#### INFORMATION PROVIDED

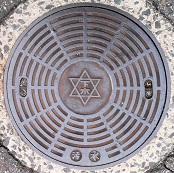 ���{�s�}���z�[��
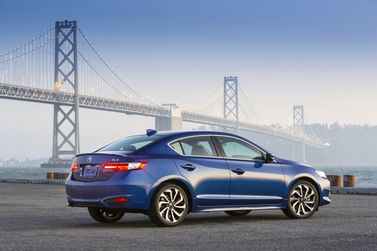 Acura ILX I Рестайлинг, Седан — вид сзади справа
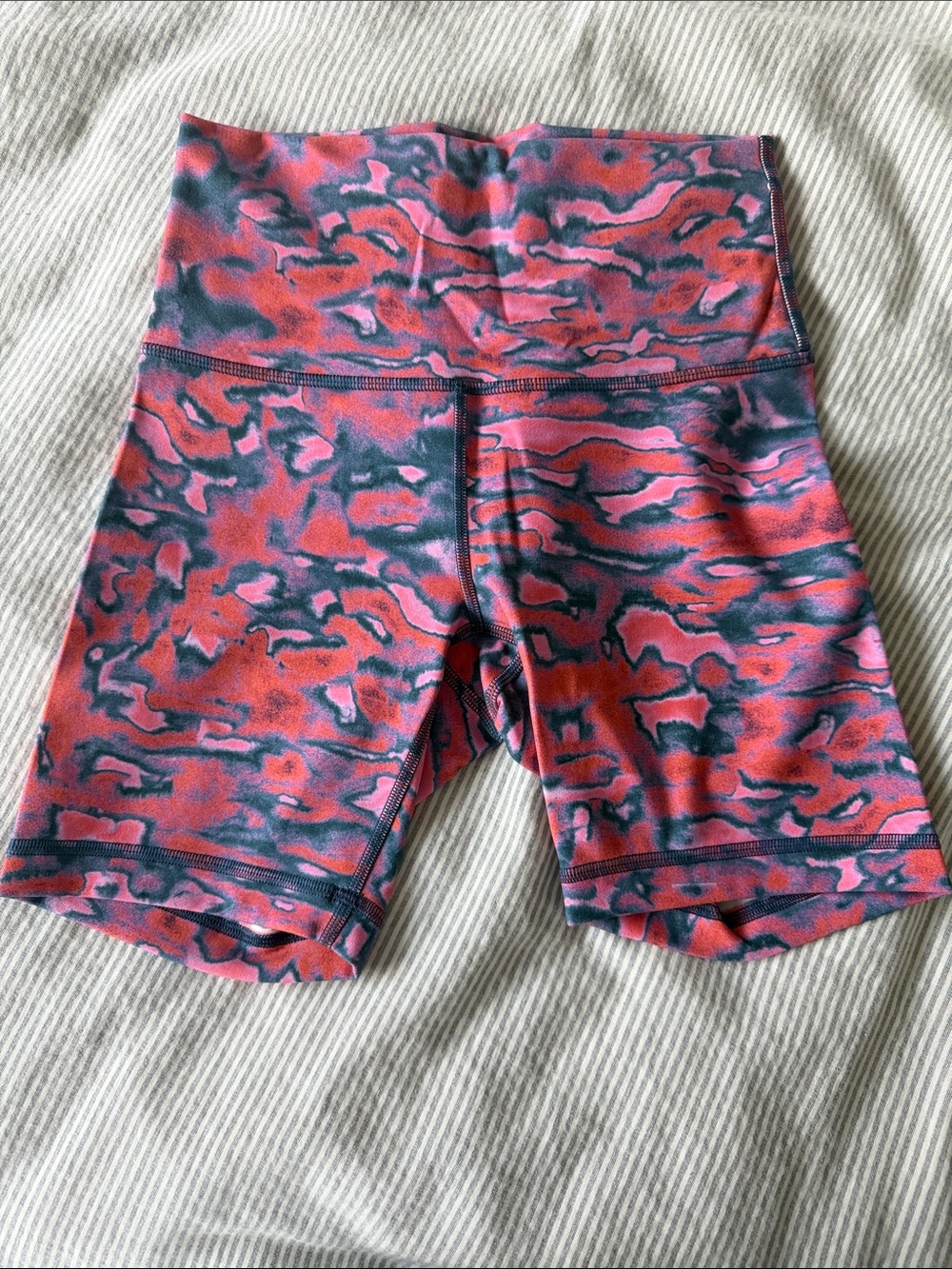 Lululemon Wunder Train Shorts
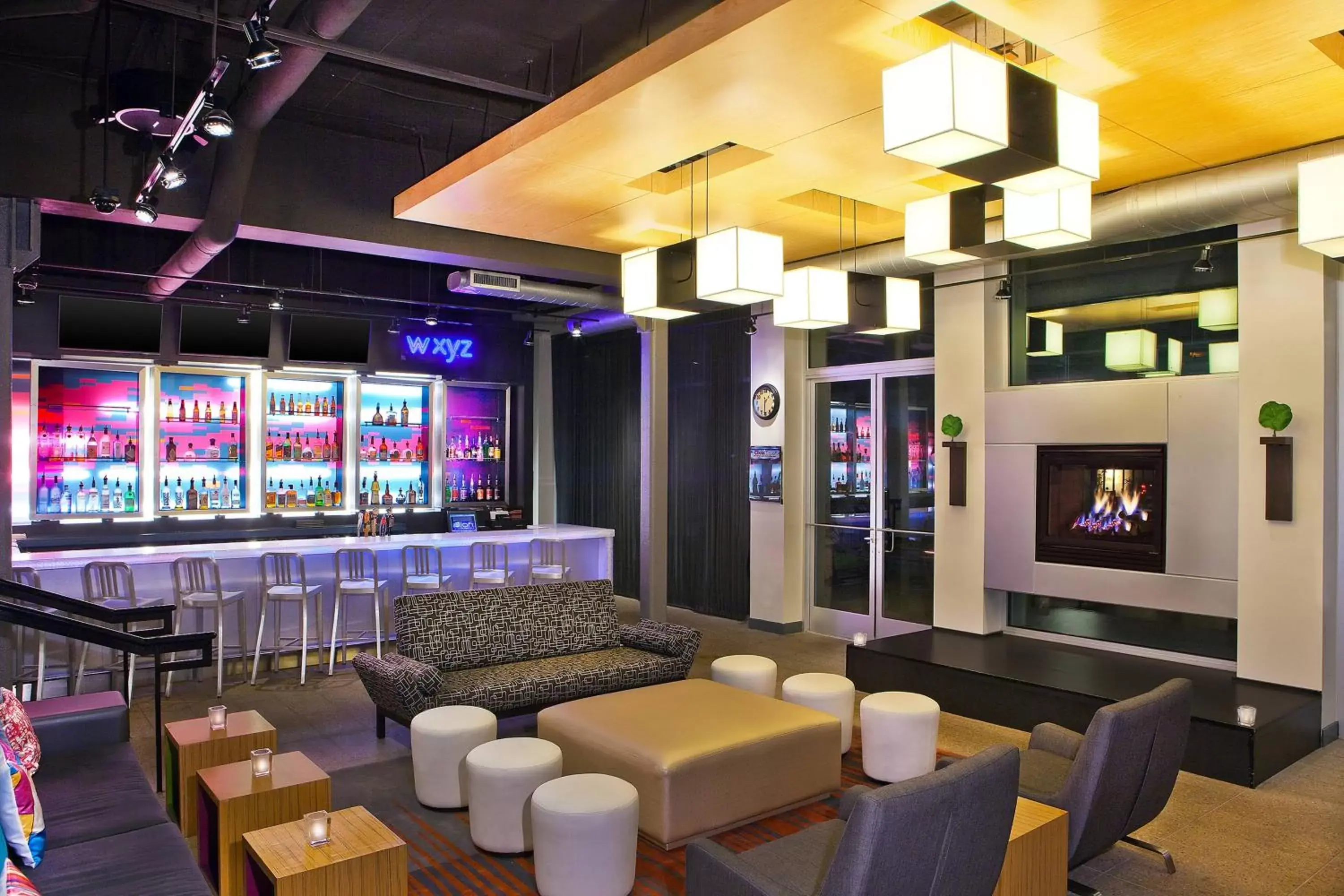 Restaurant/places to eat, Lounge/Bar in Aloft Arundel Mills BWI Airport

#### BRIEF
Without changing a word, transcribe all of the data and omit its images.

#### OUTPUT BELOW
 ���{�s�}���z�[��
 Acura ILX I Рестайлинг, Седан — вид сзади справа
 Lululemon Wunder Train Shorts
 Restaurant/places to eat, Lounge/Bar in Aloft Arundel Mills BWI Airport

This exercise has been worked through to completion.